By Marc Perelman
Forward
24 November 2006
In a further indication of his acceptance into the
political mainstream, controversial right-wing Israeli
politician and newly minted government minister Avigdor
Lieberman will be hosted next month in New York by the
most influential umbrella organization of American Jewish
groups.
The leader of the secular nationalist Yisrael Beitenu
party, Lieberman is best known for his proposal to
transfer part of Israel's Arab population by turning over
territory within the 1967 border to the Palestinians. But
he is slated to speak about Iran on December 12, when he
addresses the Conference of Presidents of Major American
Jewish Organizations in his capacity as deputy prime
minister in charge of strategic threats.
In recent years, leading liberals, as well as some
prominent centrists, have claimed that the Presidents
Conference was tilting toward the right. Yet the decision
to host Lieberman, a pariah among Israeli doves, has not
drawn any public objections from members of the
conference. Lieberman is also scheduled to appear in front
of the hawkish Middle East Forum, a think tank run by
conservative scholar Daniel Pipes.
Rabbi Eric Yoffie, the outspoken liberal voice who is
president of the Union for Reform Judaism, said that it
was a "good idea" for the Presidents Conference to offer
Lieberman the opportunity to explain his views and hear
the voices of the American Jewish community.
"I would never object to the conference bringing an
Israeli government minister," Yoffie told the Forward.
"This is part of their job as long as the policy is
applied to the full range of the political spectrum."
Yoffie, who met Lieberman in Israel before he became a
minister, said next month's meeting would be helpful,
since it would expose Lieberman to the same diverging
opinions he faces in Israel.
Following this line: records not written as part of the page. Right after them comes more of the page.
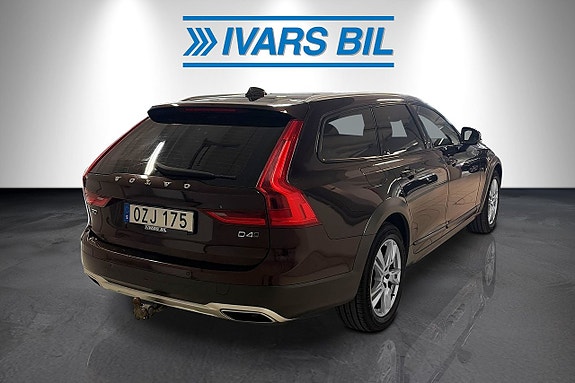 Volvo V90 Cross Country 3 of 5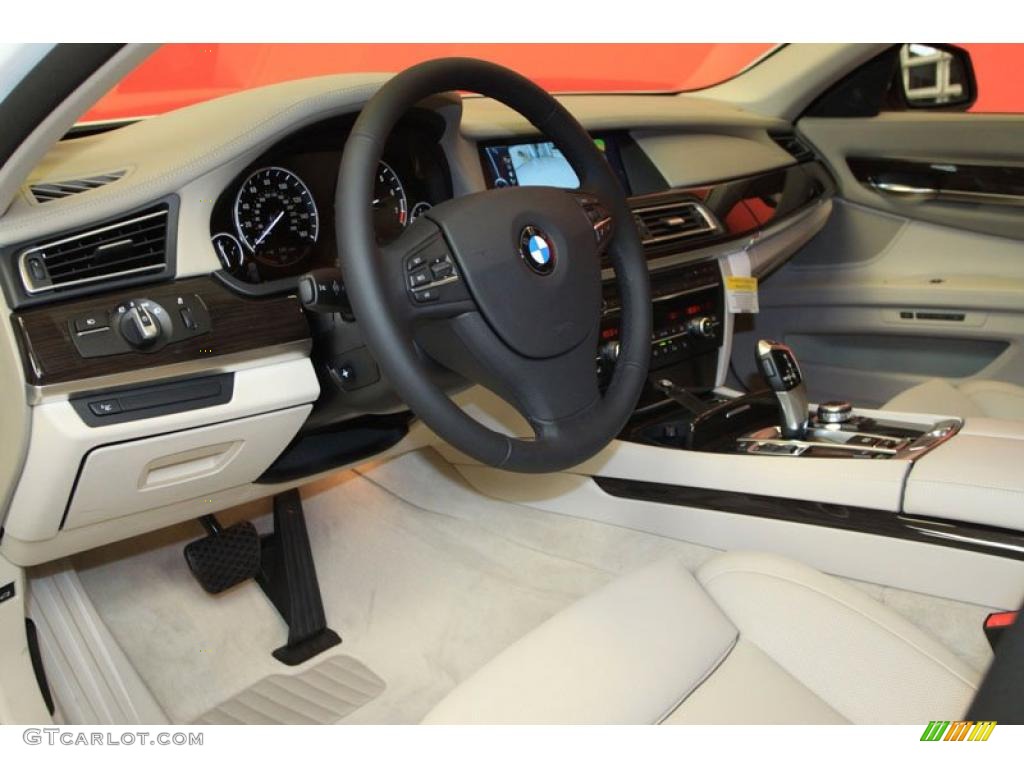 Oyster Nappa Leather Interior 2011 BMW 7 Series 750Li Sedan Photo #39482107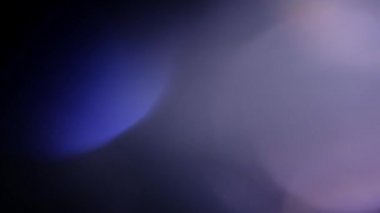 Mavi parıltılı ışıklar, odaklanmış ışık yansımaları döngüsel bokeh arkaplan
According to Yoffie, the
invitation does not represent an endorsement or the
granting of legitimacy to Lieberman and his views.
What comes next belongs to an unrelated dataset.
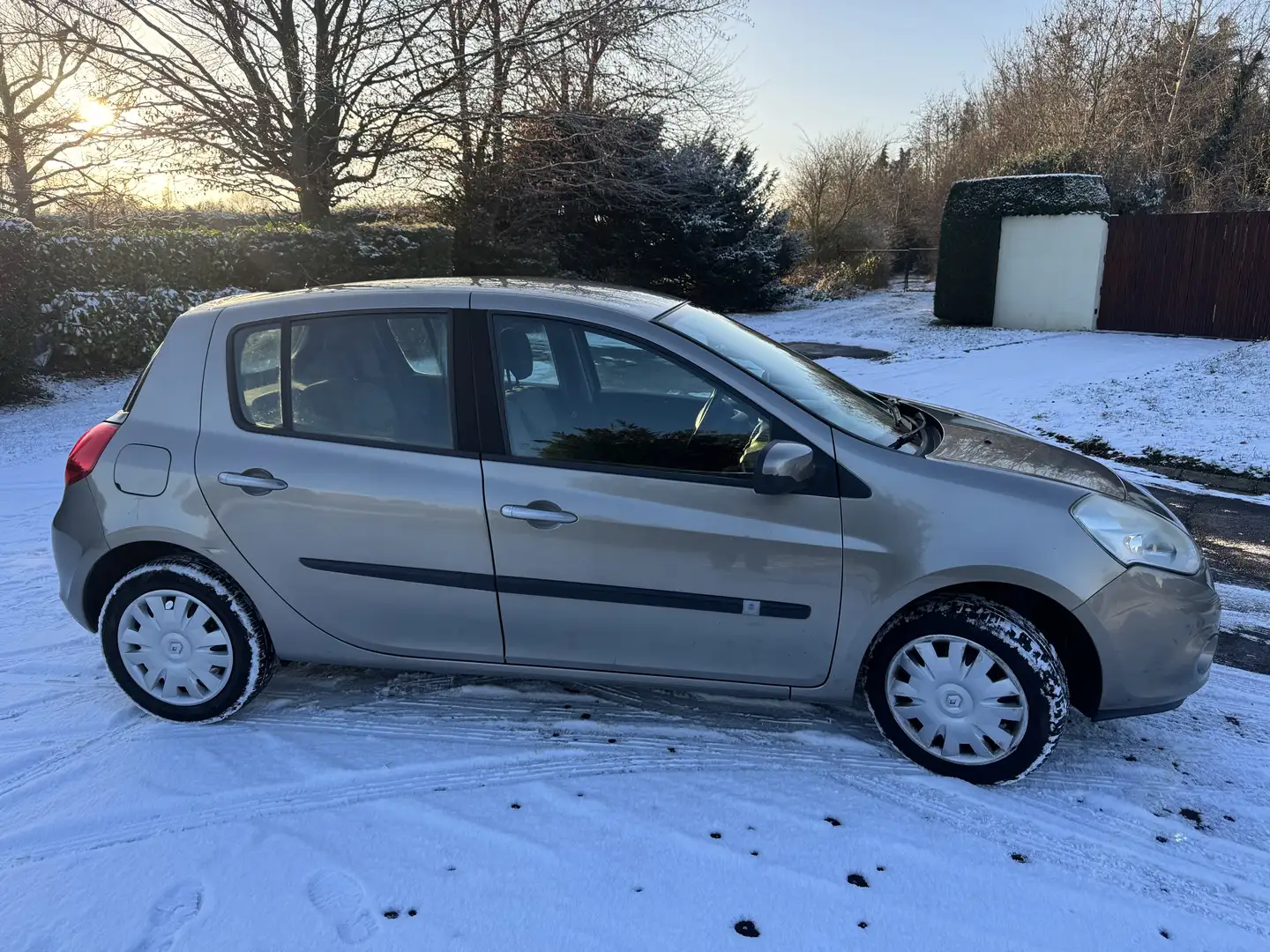 Renault Clio 1.2 16V 75 eco2 Authentique - 2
"We wouldn't want to give him the impression that we deem
his extremist views as acceptable to the conference, to
American Jews and to the American government," Yoffie
said.
Lieberman's party captured 11 seats in the last Knesset
elections, and was recently brought into the national
unity government of Israeli Prime Minister Ehud Olmert.
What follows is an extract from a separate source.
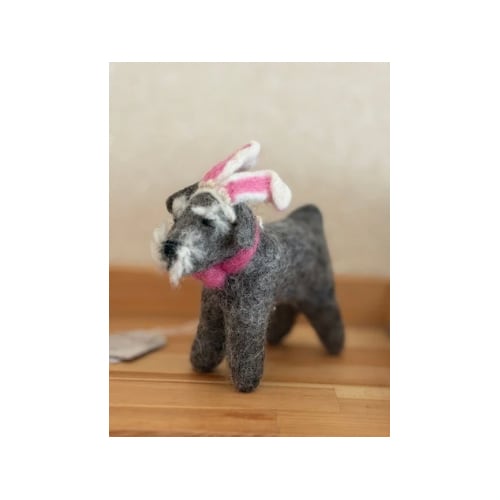 UK直輸入フエルトデコレーション　うさぎの耳のシュナウザー
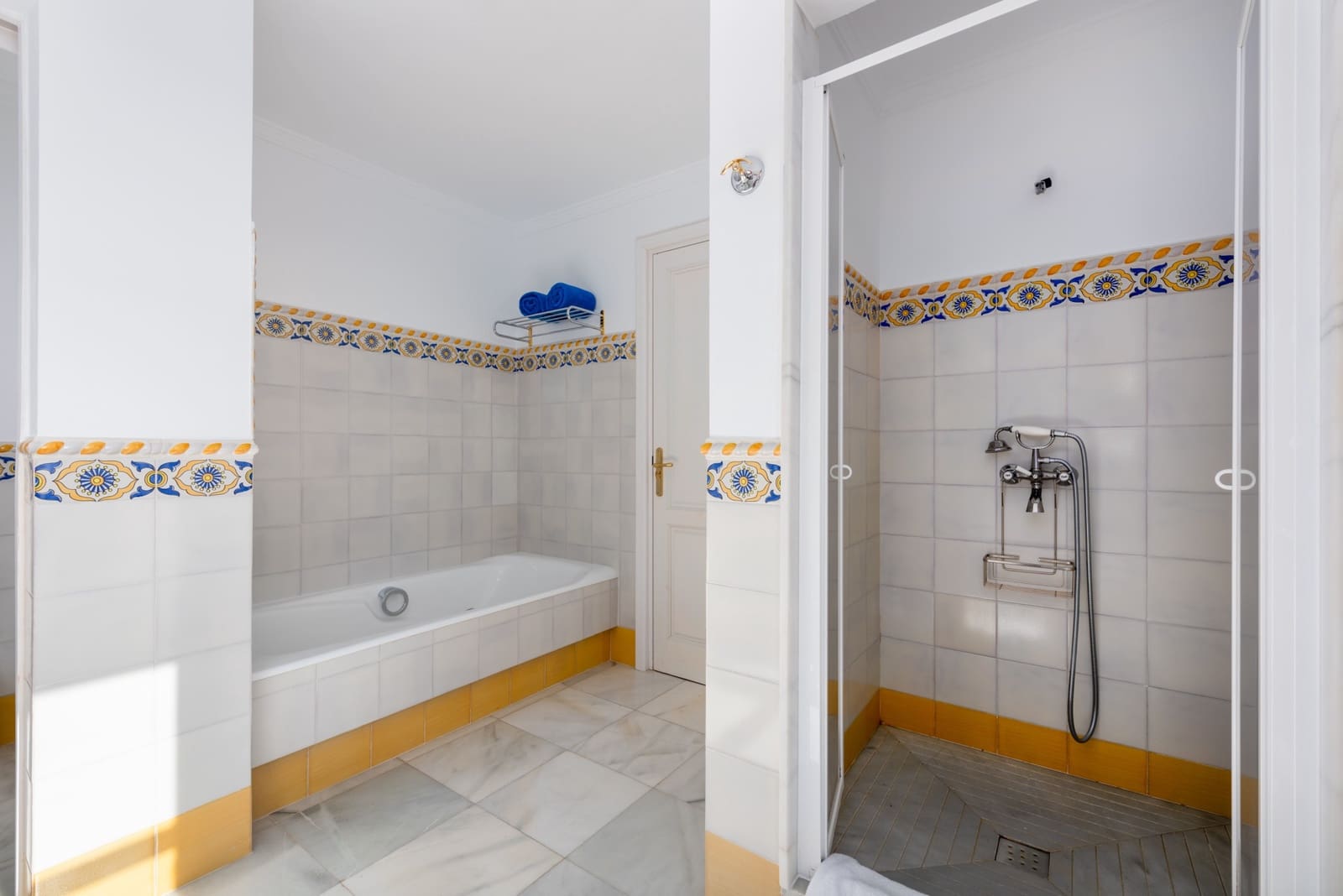 7 slaapkamer Villa te koop in El Madronal met zwembad garage - € 4.500.000 (Ref: 8744718)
Last month, Olmert said that the inclusion of Lieberman
did not represent an endorsement of his controversial
platform regarding Israeli Arabs. The plan, initially
introduced in 2004 as a response to the unilateral
withdrawal from Gaza and parts of the West Bank, advocated
by then-prime minister Ariel Sharon, would entail the
transfer of Israeli territories with high Arab populations
abutting the 1967 armistice line and require any remaining
Israeli Arab to take a loyalty oath to the Jewish state.
Born in the former Soviet Union, Lieberman previously
served in the 1990s as chief of staff to then-prime
minister Benjamin Netanyahu of the Likud party. Yoffie
said that Lieberman was more complex than the "wild-eyed
lunatic" image conveyed by some of his recent statements.
Still, the leader of Reform Judaism said that he intended
to use the meeting to press the government minister on his
"very extreme" views of Israeli Arabs and on his
statements that Israel should deal with Hamas in the same
ruthless manner in which Russia has been putting down the
rebellion in its restive southern region of Chechnya.
"This is deeply offensive, because even the U.S.
government has expressed concerns over Russia's tactics in
Chechnya," Yoffie said. "This slash-and-burn approach is
at odds with the democratic standards of Israel."